▶ [DATA BELOW]:
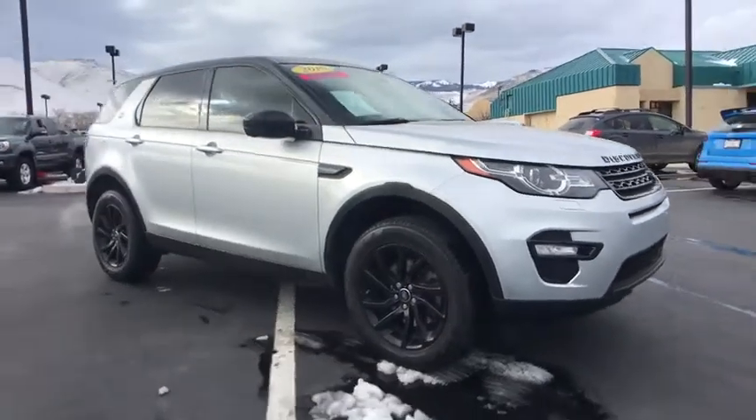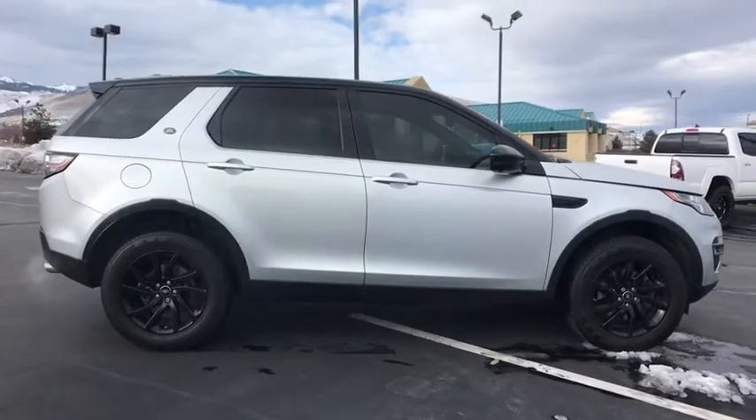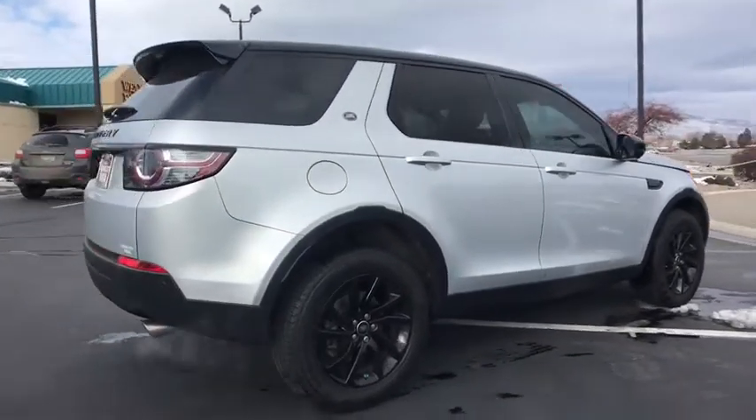Looking for the right vehicle? Check out the 2016 Land Rover New Discovery Sport. With Land Rover at its heart, the new Discovery Sport is adept in challenging conditions.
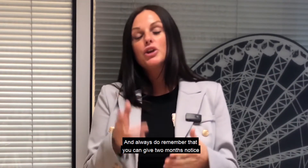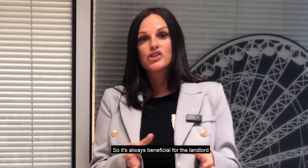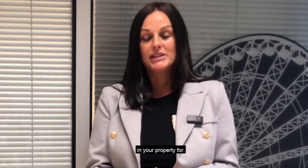Always remember that you can give two months' notice as well from the landlord's side if they are on a rolling contract. So it's always beneficial for the landlord to have a fixed term contract — it means that you're financially more secure, you know what's coming in every month, and you also know how long you've got the tenant in your property for.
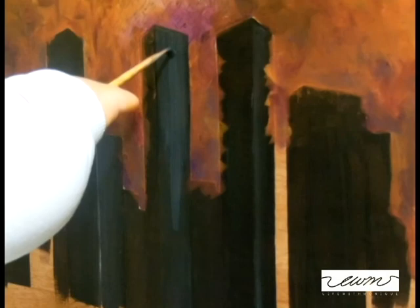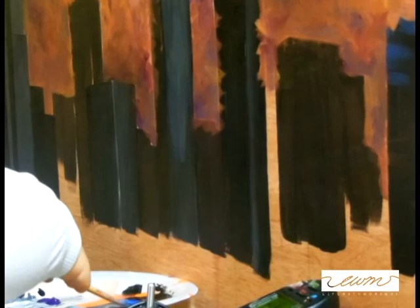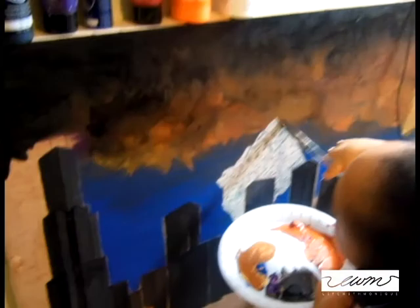I was able to come up with a nice abstract, rustic, but sleek look for the city, and so I'm excited. I'm almost done, but I want you all to come along for the ride and see how you like the final product.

▶ [TASK INSTRUCTIONS]: Since the pictures are not wanted, write out the rest of the data exactly as it reads.

▶ [YOUR SOLUTION]:
Looking for the right vehicle? Check out the 2016 Land Rover New Discovery Sport. With Land Rover at its heart, the new Discovery Sport is adept in challenging conditions.
Always remember that you can give two months' notice as well from the landlord's side if they are on a rolling contract. So it's always beneficial for the landlord to have a fixed term contract — it means that you're financially more secure, you know what's coming in every month, and you also know how long you've got the tenant in your property for.
I was able to come up with a nice abstract, rustic, but sleek look for the city, and so I'm excited. I'm almost done, but I want you all to come along for the ride and see how you like the final product.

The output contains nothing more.